Bülent Ecevit Üniversitesi (BEÜ) Mühendislik Fakültesi Maden Mühendisliği Bölümü´nden mezun olduktan sonra 1988´de TTK Kozlu Müessese Müdürlüğü´nde ocak mühendisi olarak işe başlayan Sadık Yücel, henüz 4 yıllık madenciyken 263 kişinin öldüğü grizu patlamasını yaşadı. Yücel, facia sırasında yerin 560 metre altında Macar mühendislerle yüksek basınçlı hava ile patlatma denemeleri gerçekleştirmek için hazırlık yapıyordu. Yücel, grizu patlayınca yanındaki 4 Macar mühendis ve 40 işçiyle ocaktan çıkmayı başardı.
İŞ GÜVENLİĞİ EĞİTİMİ VERİYOR
Yücel, dünya madencilik tarihinin en büyük kazaları arasında yer alan facianın ardından aynı ocakta çalışmaya devam etti. Daha önceleri ocak içi ve dışındaki denetim-kontrol görevinin yanında eğitimlere de katılan Yücel, son 2 yıldır ise İş Sağlığı ve Güvenliği Uzmanı olarak görev yapıyor. Madencilik, Meslek Eğitimi ve İş Güvenliği dersi veren Yücel, işçilere iş güvenliği eğitimi veriyor. Haftanın 3 günü yapılan eğitimlerde işçilere ocakta uymaları gereken iş güvenliği tedbirlerini anlatan Yücel, grizu patlaması, göçük, yangın gibi iş kazalarında da neler yapmaları gerektiğini aktarıyor.
MADENCİLERE BİR ŞEYLER ÖĞRETMEYE DEVAM EDECEĞİM
Facianın 23´üncü yıldönümü nedeniyle dün sabah ocak girişinde
düzenlenen anma töreninde kurtulan diğer 3 madenci ile birlikte madenci heykeli
hediye edilen Sadık Yücel, işçilere 263 işçinin öldüğü grizu patlamasını
ve o gün yaşadıklarını da derslerde anlattığını söyledi. Yücel, şöyle konuştu:
"27 yıllık tecrübemi madenci arkadaşlara aktarmaya çalışıyorum. Derslerin
dışında ocağa da girerek madencileri iş güvenliği konusunda takip ediyorum.
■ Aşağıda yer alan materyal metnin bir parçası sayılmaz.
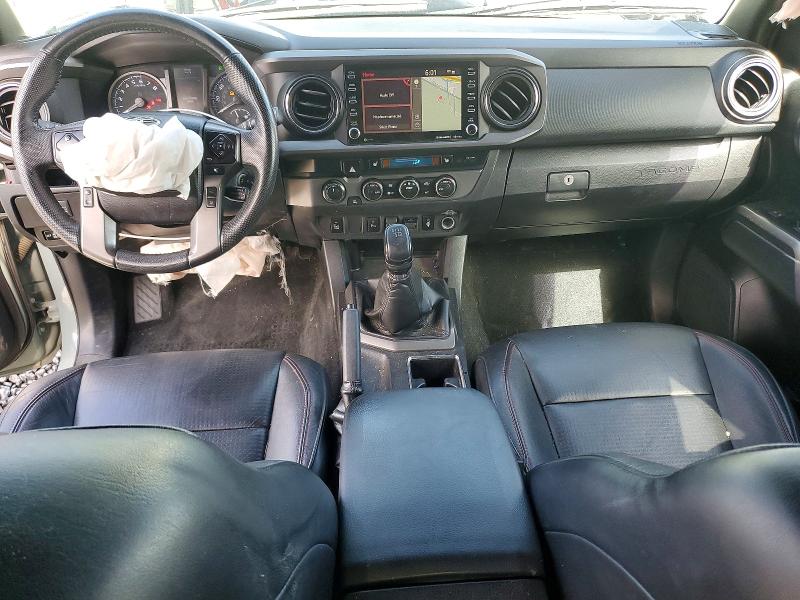 2021 Toyota Tacoma VIN 5TFCZ5AN3MX249304 COPART salvage auction — FRONT END, Nv - Salvage Title, sold $14,900 on 2026-07-16 (photo 8)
Yaşadığım olaylardan edindiğim tecrübelerimizi, o günden bu güne iş
güvenliği konusunda yapılanlar, yapılmayanlar ve yapılması gerekenleri işçilere
anlatıyorum. 2 yıl önce emekli olmaya hak kazandım. Ancak ben yeni
madencilerimize bir şeyler öğretmeye gücüm yettiğince
devam edeceğim."
5 yıl önce parkinson hastalığına yakalandığını da belirten Sadık Yücel,
"Maden ocağında ağır metallere maruz kaldığımdan bu hastalığa
yakalandım. Ben onunla o benimle mücadele ediyor ama yine madende
çalışmaya devam ediyoruz. Yapacak başka bir şey yok" dedi.
FACİADA YAŞADIKLARI
263 işçinin öldüğü faciada yaşadıklarını da anlatan Yücel, şöyle dedi:
"Macar mühendislerle yüksek basınçla patlatma denemesi gerçekleştirecektik.
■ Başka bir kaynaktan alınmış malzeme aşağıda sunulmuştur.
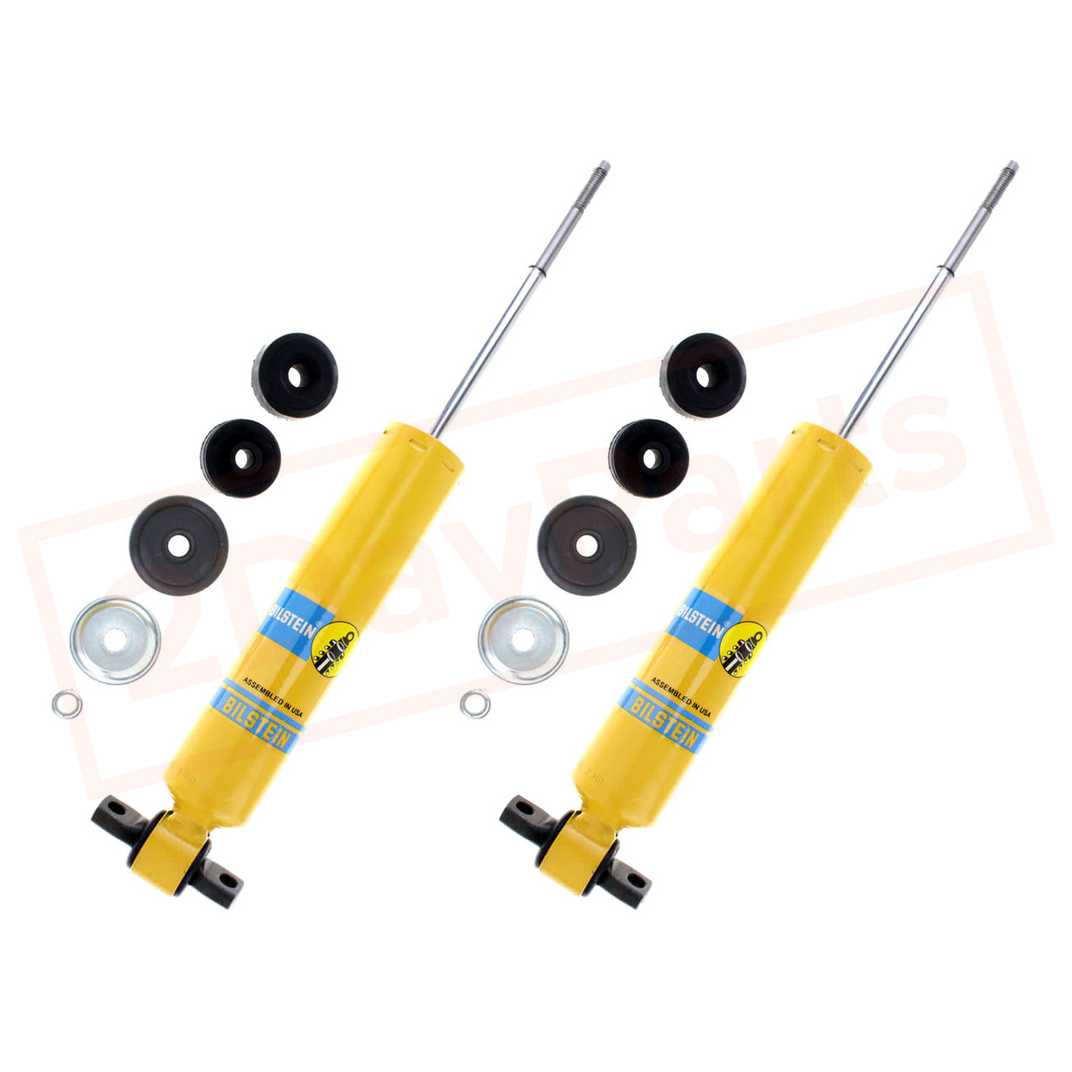 Image Kit 2 Bilstein B6 4600 Front shocks for 99 GMC 1500 part in Shocks & Struts category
Biz madene önden indik. Bizim arkamızdan müdürler de gelecekti. Onları
bekliyorduk. İşçiler yemek için mola vermişti. O sırada
üzerimize kömür tozuyla bir şok dalgası geldi. Biz toparlandıktan sonra
kaçış bölgesinden çıkışa doğru ilerlemeye başladık. Ocak ana-baba günüydü. Bir
an önce dışarıya çıkmak istiyordu herkes. Yanan işçilerimiz vardı. Ben önce
yanan işçilerin dışarıya çıkmasını sağladım. Vagonlarla onları dışarıya
çıkarttık. Sonra biz de 4 Macar mühendis ve 40
işçi dışarıya çıktık. Çıkış yerine geldiğimizde içeride kalan
işçilerimiz olduğu söylendi. Ben tekrar ocağa inerek 1´i yanmış vaziyette 2
kişiyi daha dışarıya çıkarttım. Allah bir daha böyle acılar yaşatmasın."